— Exercise input —
################
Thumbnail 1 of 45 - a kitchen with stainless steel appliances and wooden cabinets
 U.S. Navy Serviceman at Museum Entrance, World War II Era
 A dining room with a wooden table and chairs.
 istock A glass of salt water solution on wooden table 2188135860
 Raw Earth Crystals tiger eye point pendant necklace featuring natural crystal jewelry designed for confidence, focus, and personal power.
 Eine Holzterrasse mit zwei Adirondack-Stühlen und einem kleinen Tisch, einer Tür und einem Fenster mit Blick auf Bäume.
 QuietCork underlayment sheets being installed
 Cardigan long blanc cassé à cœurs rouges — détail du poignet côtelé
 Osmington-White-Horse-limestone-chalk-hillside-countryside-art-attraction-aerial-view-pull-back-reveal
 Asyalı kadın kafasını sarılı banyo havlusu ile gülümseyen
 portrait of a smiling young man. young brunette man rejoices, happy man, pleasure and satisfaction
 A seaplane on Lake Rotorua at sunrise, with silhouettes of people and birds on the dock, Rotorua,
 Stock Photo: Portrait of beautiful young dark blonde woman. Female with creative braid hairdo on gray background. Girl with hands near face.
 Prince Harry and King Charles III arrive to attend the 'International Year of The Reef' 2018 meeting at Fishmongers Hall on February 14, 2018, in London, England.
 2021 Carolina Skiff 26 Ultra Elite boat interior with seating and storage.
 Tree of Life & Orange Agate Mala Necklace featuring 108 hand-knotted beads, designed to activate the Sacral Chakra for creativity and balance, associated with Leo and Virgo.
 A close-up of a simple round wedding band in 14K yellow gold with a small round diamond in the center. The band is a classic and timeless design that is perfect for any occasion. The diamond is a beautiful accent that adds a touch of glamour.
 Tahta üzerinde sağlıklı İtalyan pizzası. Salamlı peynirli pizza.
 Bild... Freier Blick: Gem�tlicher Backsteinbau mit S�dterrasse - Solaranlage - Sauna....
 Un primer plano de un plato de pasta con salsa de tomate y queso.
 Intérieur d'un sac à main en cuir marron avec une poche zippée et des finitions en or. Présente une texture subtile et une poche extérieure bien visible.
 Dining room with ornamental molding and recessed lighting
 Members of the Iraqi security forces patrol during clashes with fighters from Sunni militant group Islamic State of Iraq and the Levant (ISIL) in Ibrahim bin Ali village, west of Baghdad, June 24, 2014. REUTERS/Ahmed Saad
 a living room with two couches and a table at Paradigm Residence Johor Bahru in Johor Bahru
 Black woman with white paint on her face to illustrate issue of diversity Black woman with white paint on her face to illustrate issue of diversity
################
— Assignment —
An exact copy of the lines above, from the one containing "istock A glass" through the one containing "Stock Photo: Portrait", is the whole of the answer.

— Response —
 istock A glass of salt water solution on wooden table 2188135860
 Raw Earth Crystals tiger eye point pendant necklace featuring natural crystal jewelry designed for confidence, focus, and personal power.
 Eine Holzterrasse mit zwei Adirondack-Stühlen und einem kleinen Tisch, einer Tür und einem Fenster mit Blick auf Bäume.
 QuietCork underlayment sheets being installed
 Cardigan long blanc cassé à cœurs rouges — détail du poignet côtelé
 Osmington-White-Horse-limestone-chalk-hillside-countryside-art-attraction-aerial-view-pull-back-reveal
 Asyalı kadın kafasını sarılı banyo havlusu ile gülümseyen
 portrait of a smiling young man. young brunette man rejoices, happy man, pleasure and satisfaction
 A seaplane on Lake Rotorua at sunrise, with silhouettes of people and birds on the dock, Rotorua,
 Stock Photo: Portrait of beautiful young dark blonde woman. Female with creative braid hairdo on gray background. Girl with hands near face.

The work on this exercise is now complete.